As I wrote above, in Pharo, to get the sourceNode we try to find the push
closure bytecode from "startpc - 1" by traversing
the IR and try to get the IRNode with matching "bytecodeOffset". The
bytecodeOffsets for the above blocks:

[ :x | | a b c | a:=b:=c:=x ]
"bytecodeOffset -> IR"
19->pushClosureCopyCopiedValues: #() args: #(#x)
28->returnTop
20->pushTemp: #x
22->storeTemp: #c
24->storeTemp: #b
26->storeTemp: #a
27->blockReturnTop

[ :x | | a b c d | a:=b:=c:=d:=x ]
"bytecodeOffset -> IR"
20->pushClosureCopyCopiedValues: #() args: #(#x)
31->returnTop
21->pushTemp: #x
23->storeTemp: #d
25->storeTemp: #c
27->storeTemp: #b
29->storeTemp: #a
30->blockReturnTop

Both blocks don't have a bytecodeOffset matching the bytecode of the
pushclosure (13), but we start the search from "startpc - 1" (= 16)
and do a loop from 0 to -3 (because bytecodes can have a length of 1,2 or 4)
For the first block, this works
bytecodeOffset 19 = 16 - (-3)
For the second block this does not work, somehow the bytecodeoffset value
depends on the number of local temps. And for the
second block this is one greater.




> And my interpretation was, the IRPushClosureCopy node has the wrong
>> "bytecode offset" (whatever this is).
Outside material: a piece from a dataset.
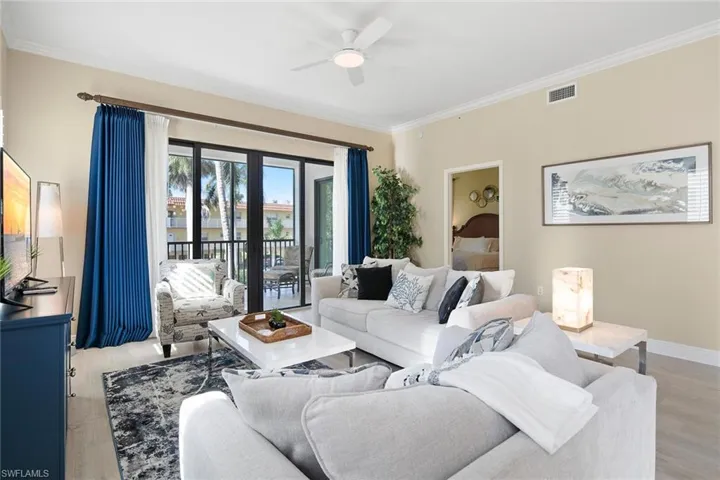 985 Sandpiper St I201, Naples, Florida 34102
The bytecodeOffset value (somehow)
>> depends on the number of local temps, but maybe this is right (for
>> whatever this is used) and we are just using it wrong for in this situation.
>>
>
> So you need to ask Marcus how to interpret bytecodeOffset.  The thing is,
> it should be simple.  One has:
>
>     BlockCreationBytecode
>     any number of pushConstant: nil's (0 to N)
>     first byte code in block
>     last bytecode in block (always a blockReturnTop)
>
> and a block's startup is always that of the byte immediately following the
> BlockCreationBytecode.  So if the byte code offset is somehow the span of
> the "any number of pushConstant: nil's (0 to N)" then there's a bug in the
> IR somewhere when the number of temps is > 3.  But if that's not what it
> means then, well, I don't know what the problem is.